____ SOURCE MATERIAL
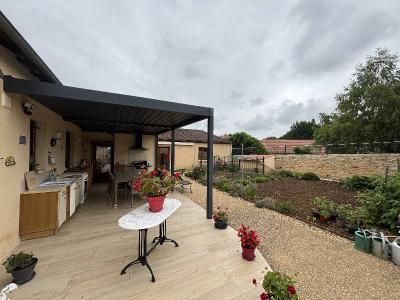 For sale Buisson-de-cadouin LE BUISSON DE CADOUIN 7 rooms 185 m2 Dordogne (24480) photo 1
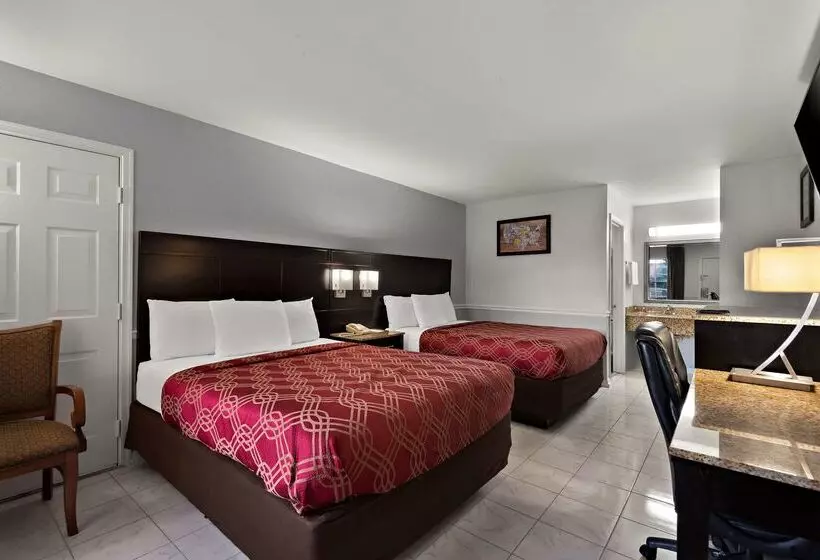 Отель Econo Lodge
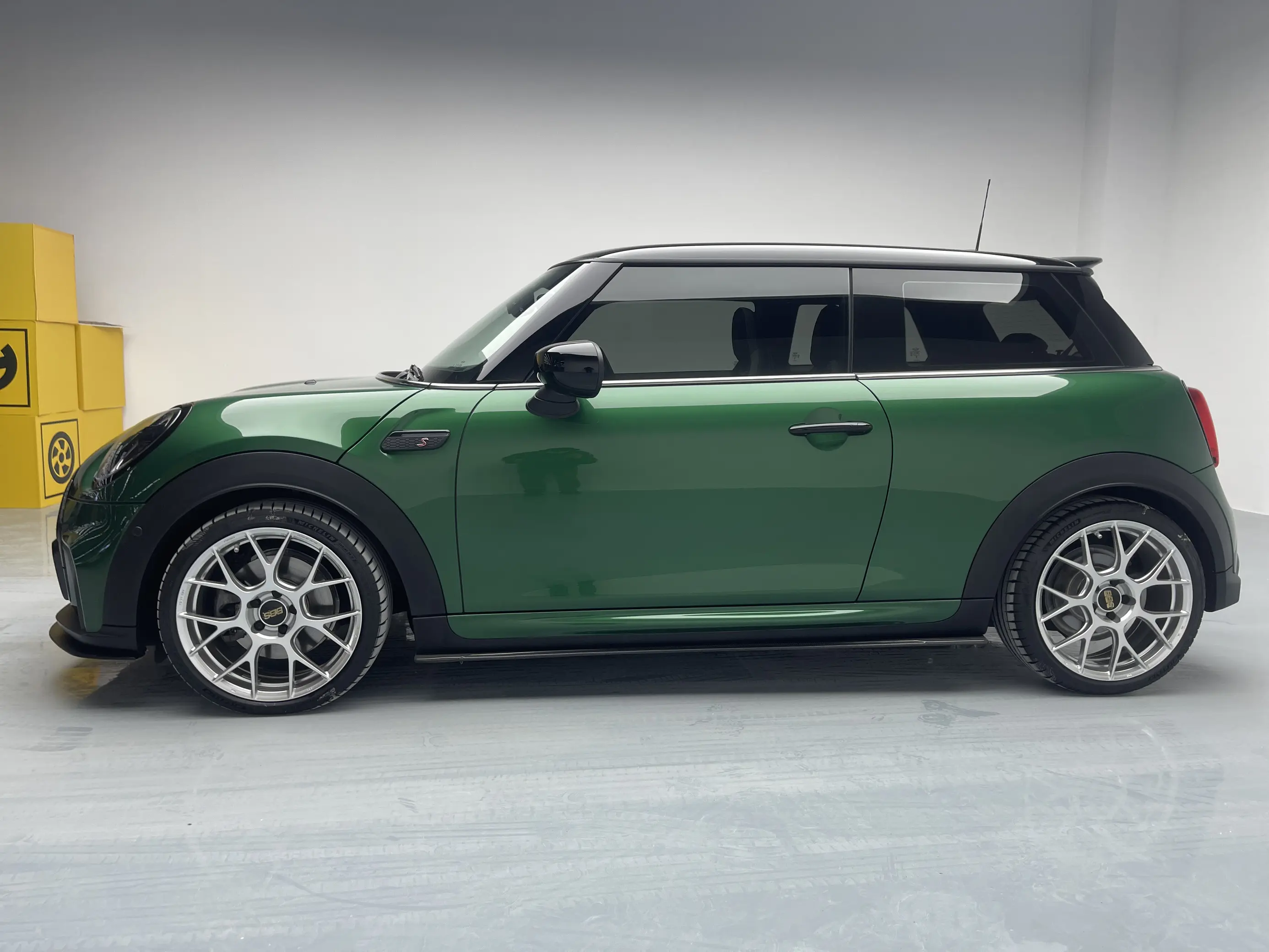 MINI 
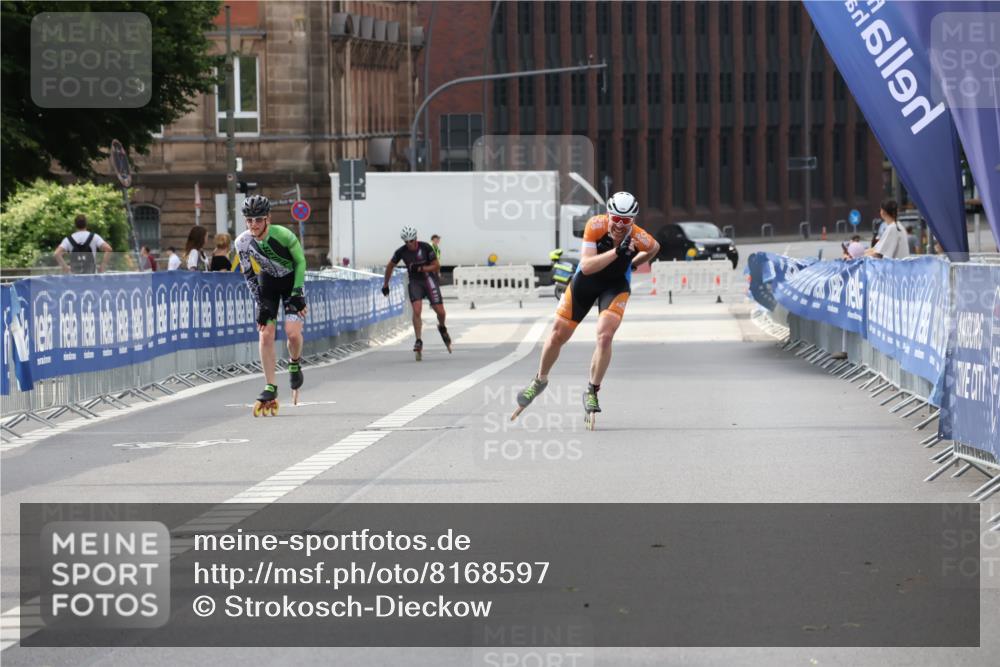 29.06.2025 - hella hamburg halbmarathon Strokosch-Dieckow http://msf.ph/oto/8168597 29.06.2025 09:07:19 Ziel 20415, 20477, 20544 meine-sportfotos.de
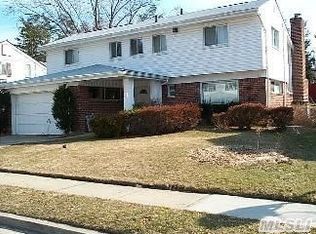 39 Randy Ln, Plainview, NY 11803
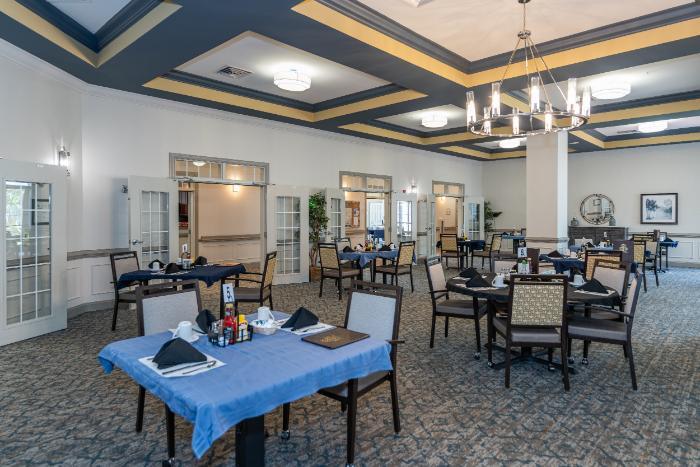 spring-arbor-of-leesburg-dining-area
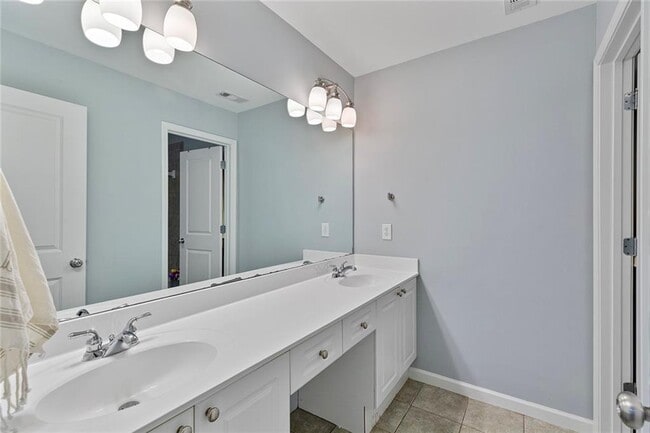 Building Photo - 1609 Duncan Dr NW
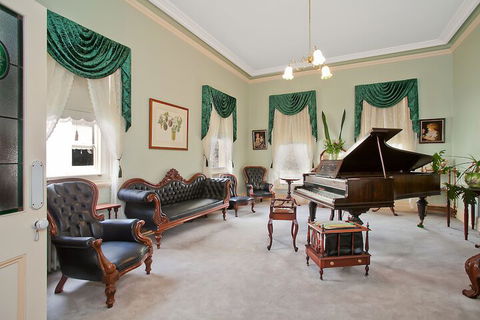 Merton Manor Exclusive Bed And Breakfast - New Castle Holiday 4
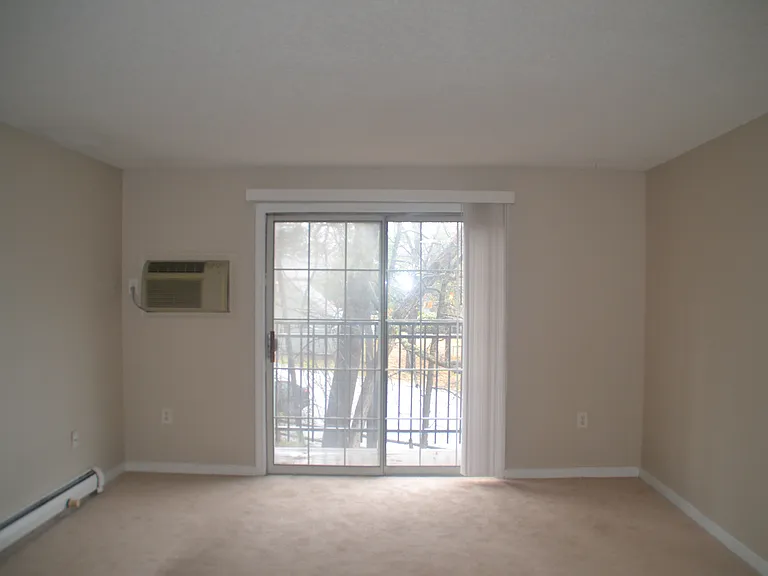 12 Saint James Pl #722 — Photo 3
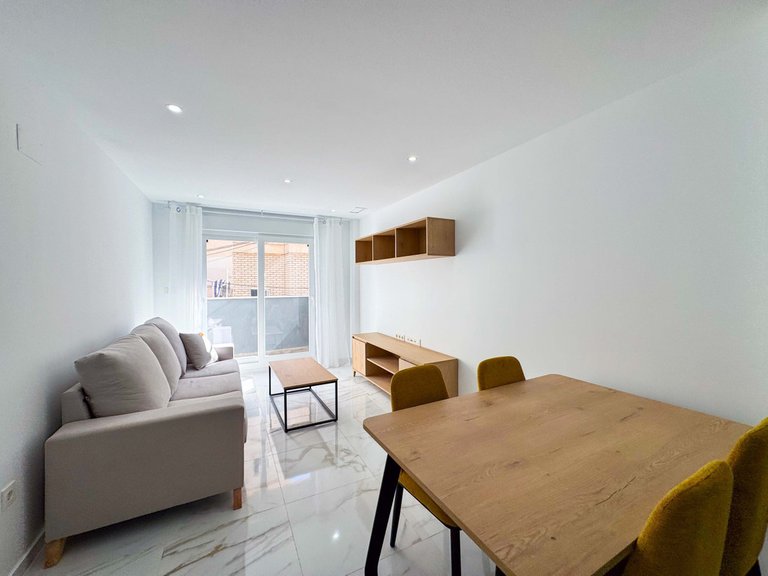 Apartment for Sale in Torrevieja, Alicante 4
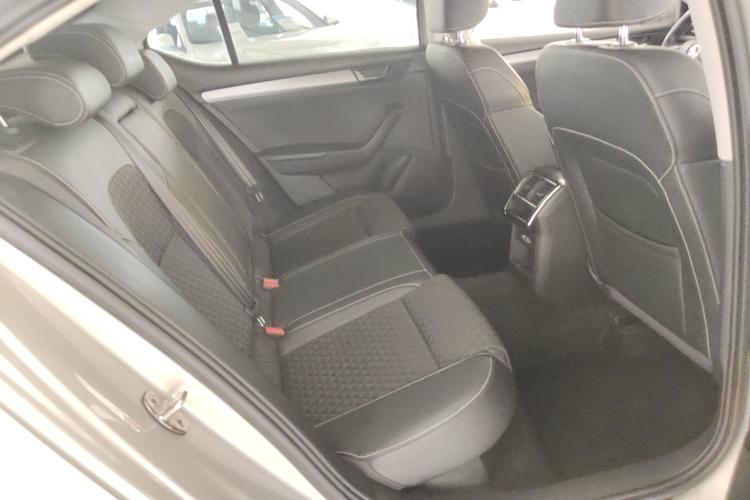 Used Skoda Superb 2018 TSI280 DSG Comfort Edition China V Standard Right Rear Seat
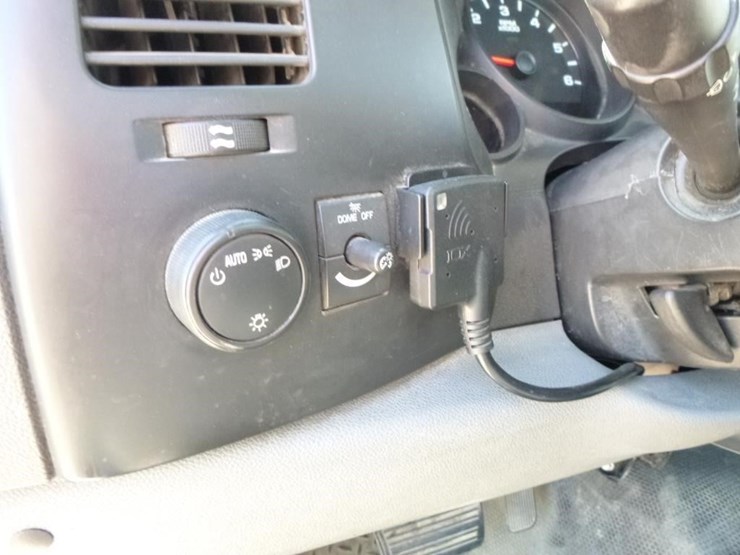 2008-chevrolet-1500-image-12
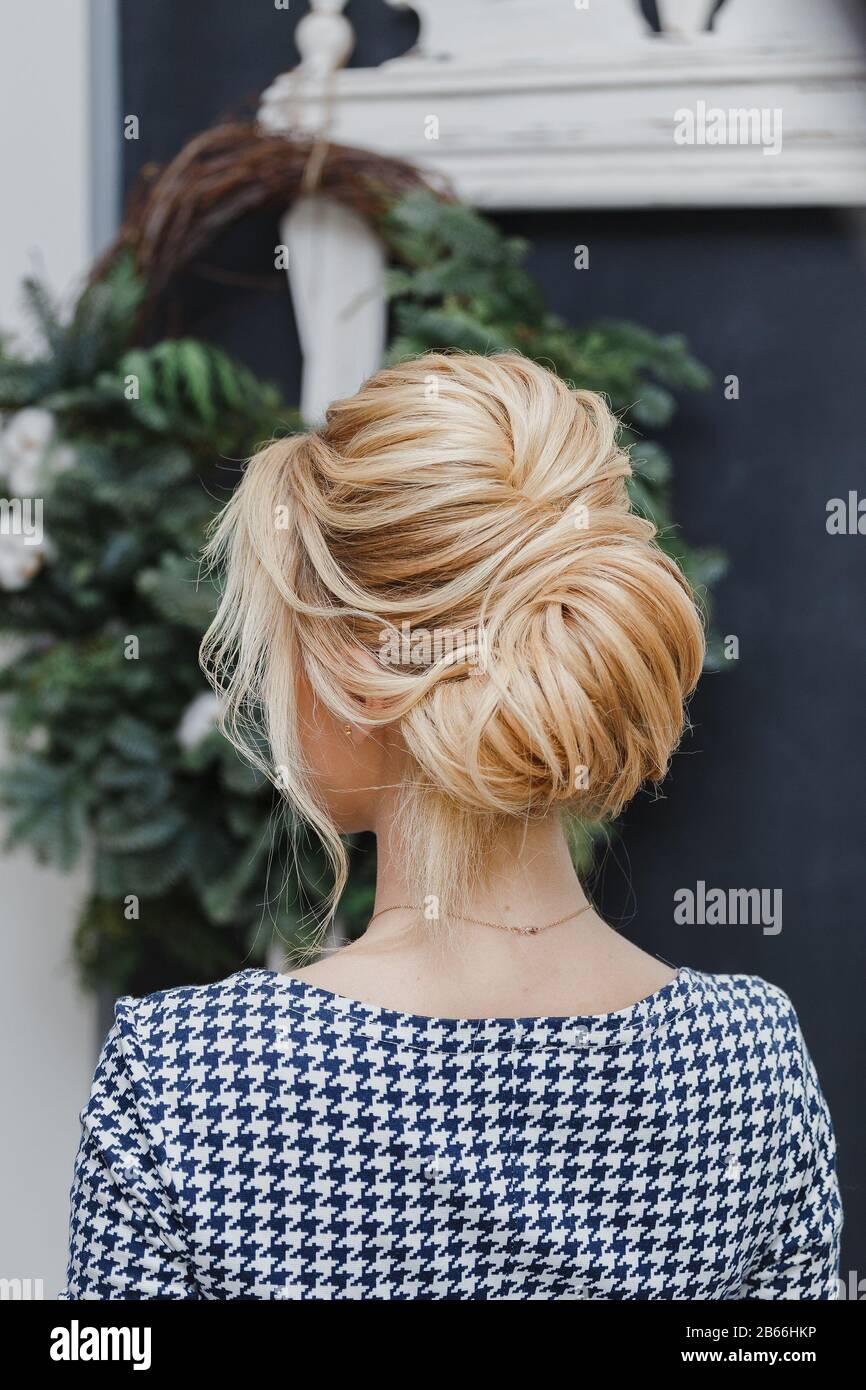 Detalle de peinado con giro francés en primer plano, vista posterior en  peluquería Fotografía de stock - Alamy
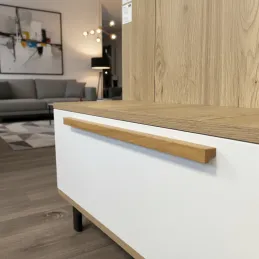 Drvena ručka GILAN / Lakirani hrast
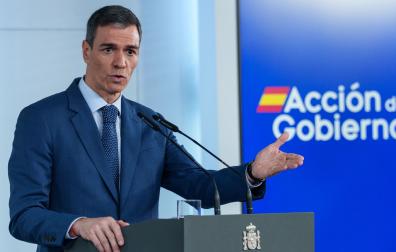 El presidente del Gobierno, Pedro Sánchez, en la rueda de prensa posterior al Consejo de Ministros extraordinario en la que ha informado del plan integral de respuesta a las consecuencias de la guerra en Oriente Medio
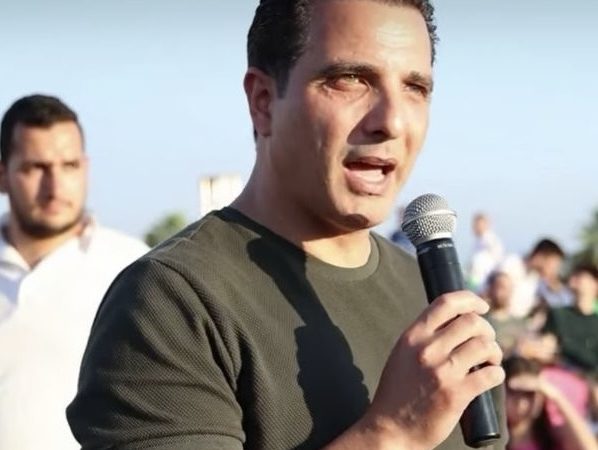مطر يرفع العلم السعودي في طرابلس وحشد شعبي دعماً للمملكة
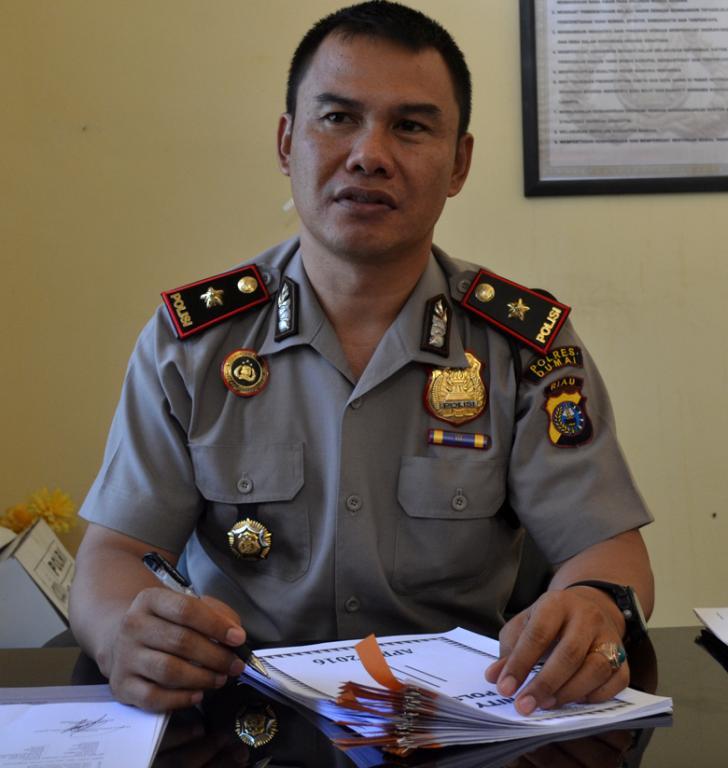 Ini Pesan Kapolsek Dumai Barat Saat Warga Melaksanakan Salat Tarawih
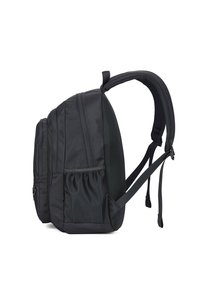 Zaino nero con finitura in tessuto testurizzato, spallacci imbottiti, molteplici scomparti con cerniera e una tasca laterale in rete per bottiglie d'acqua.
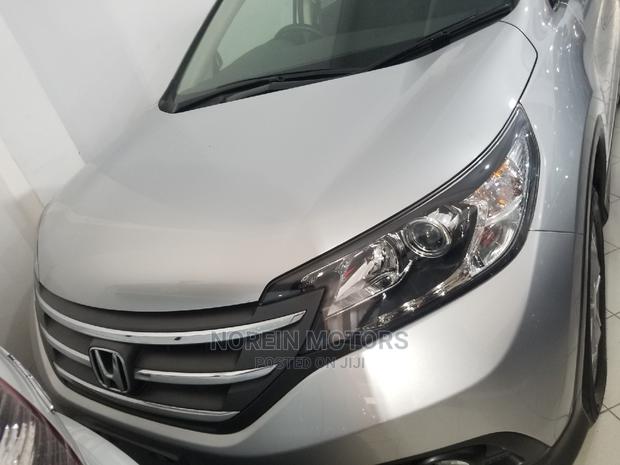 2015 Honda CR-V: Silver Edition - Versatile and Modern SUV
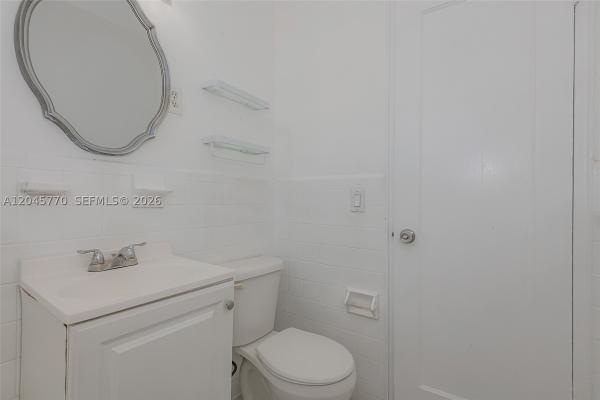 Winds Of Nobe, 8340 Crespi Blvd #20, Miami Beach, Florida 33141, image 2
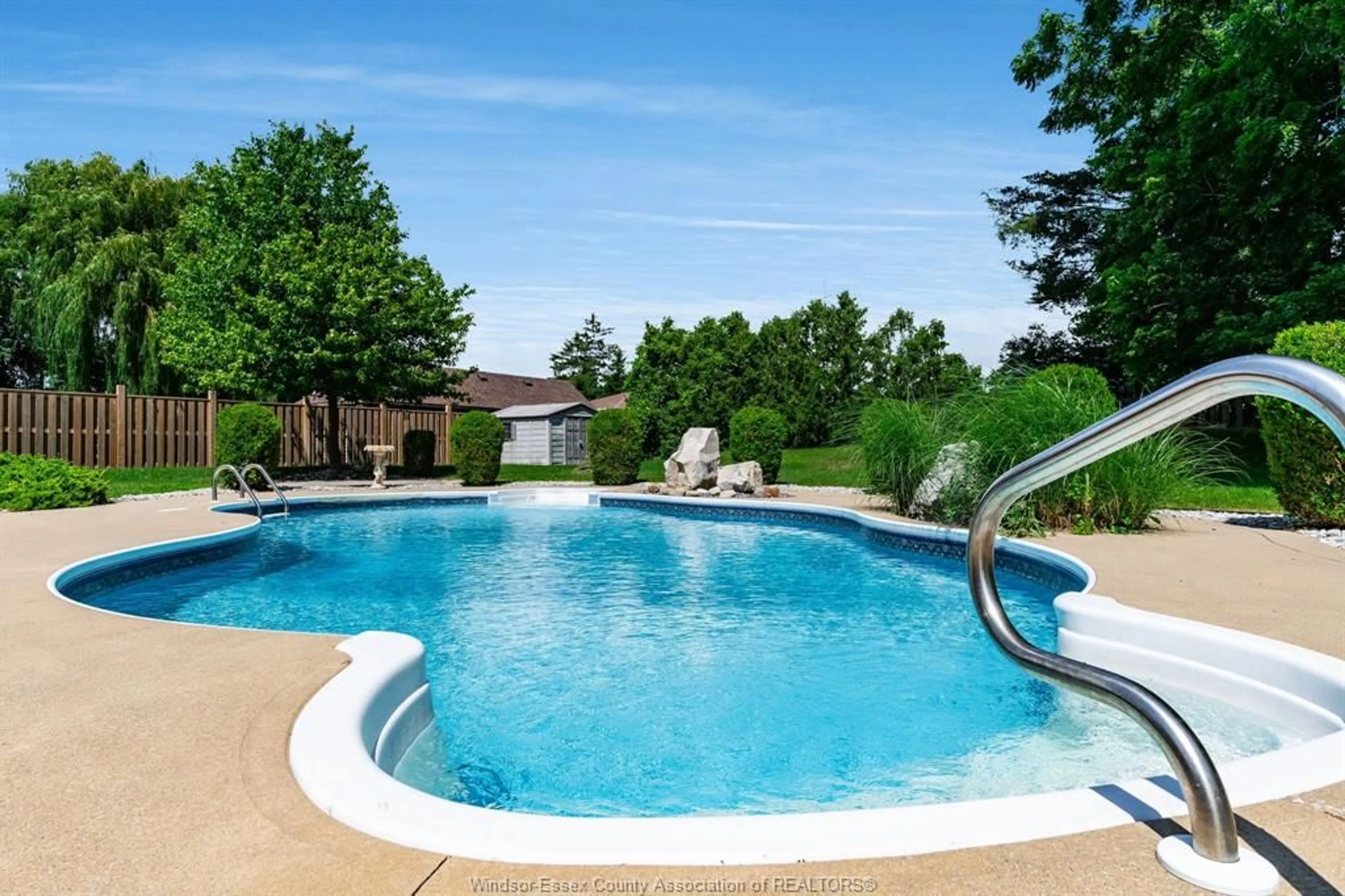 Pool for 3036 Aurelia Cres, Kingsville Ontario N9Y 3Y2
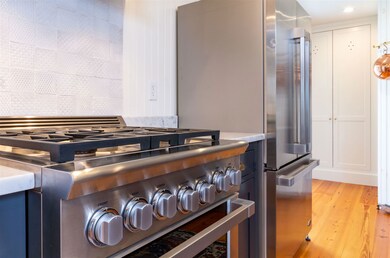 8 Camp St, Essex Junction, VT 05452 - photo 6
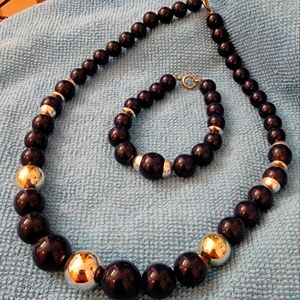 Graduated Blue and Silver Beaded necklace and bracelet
________
→ **EXERCISE OBJECTIVE**:
Skip the pictures, please, and transcribe only the lines from the beginning of the material through the one that contains "Building Photo - 1609 Duncan Dr NW".

→ **SOLUTION**:
 For sale Buisson-de-cadouin LE BUISSON DE CADOUIN 7 rooms 185 m2 Dordogne (24480) photo 1
 Отель Econo Lodge
 MINI 
 29.06.2025 - hella hamburg halbmarathon Strokosch-Dieckow http://msf.ph/oto/8168597 29.06.2025 09:07:19 Ziel 20415, 20477, 20544 meine-sportfotos.de
 39 Randy Ln, Plainview, NY 11803
 spring-arbor-of-leesburg-dining-area
 Building Photo - 1609 Duncan Dr NW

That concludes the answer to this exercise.